Exercise details:
Take the records below and set down exactly the lines from the one with "image of GROUND字母印花圓領上衣" to the one with "Black Textured Leaf", ends included; do not copy the pictures.

Provided data:
Segment Open

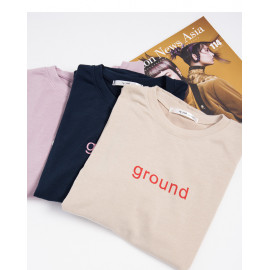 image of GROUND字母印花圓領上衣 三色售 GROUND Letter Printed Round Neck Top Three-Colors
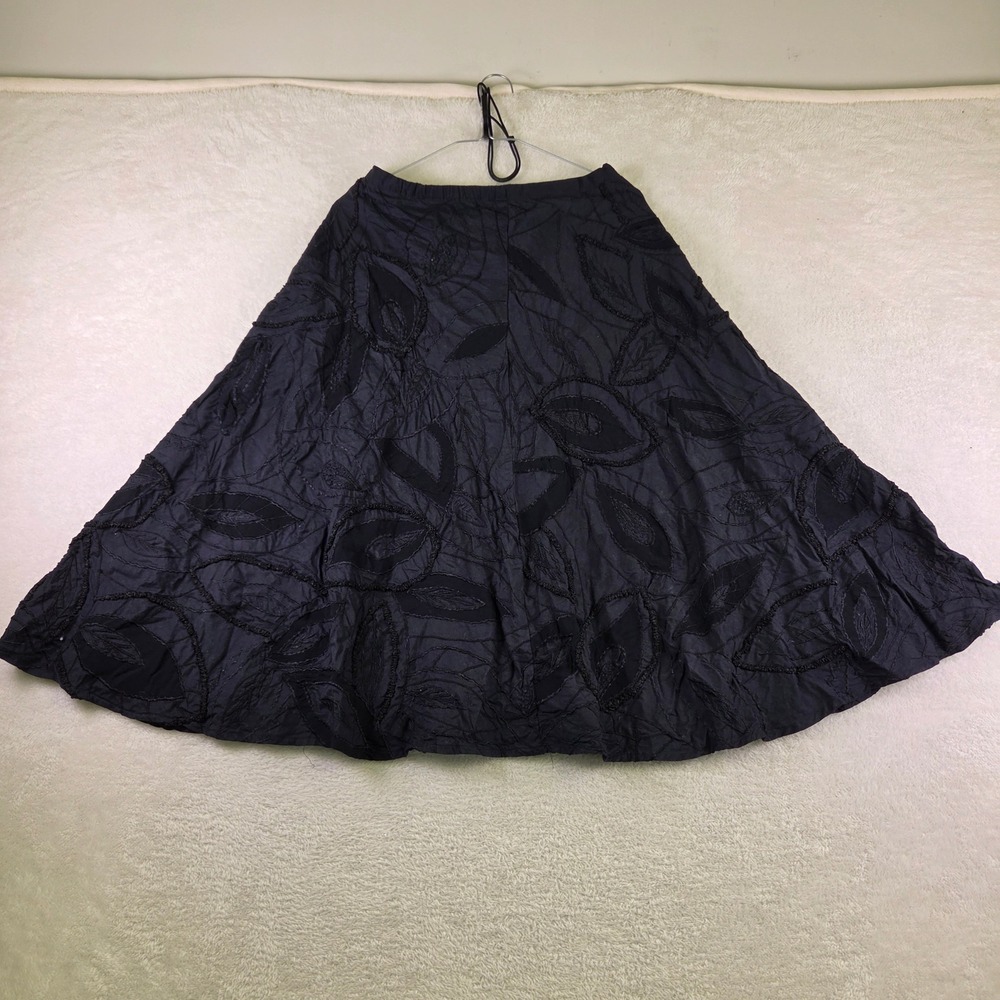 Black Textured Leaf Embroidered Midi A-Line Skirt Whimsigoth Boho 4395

Segment Closed
Segment Open

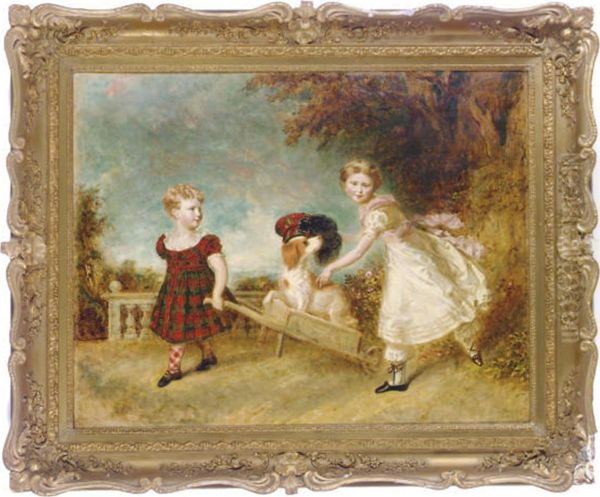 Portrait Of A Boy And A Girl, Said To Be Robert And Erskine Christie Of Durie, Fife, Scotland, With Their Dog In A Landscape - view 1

Segment Closed
Segment Open

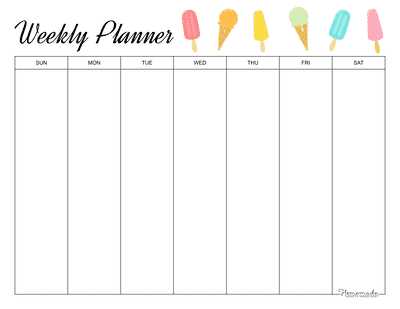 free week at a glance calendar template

Segment Closed

Final answer:
 image of GROUND字母印花圓領上衣 三色售 GROUND Letter Printed Round Neck Top Three-Colors
 Black Textured Leaf Embroidered Midi A-Line Skirt Whimsigoth Boho 4395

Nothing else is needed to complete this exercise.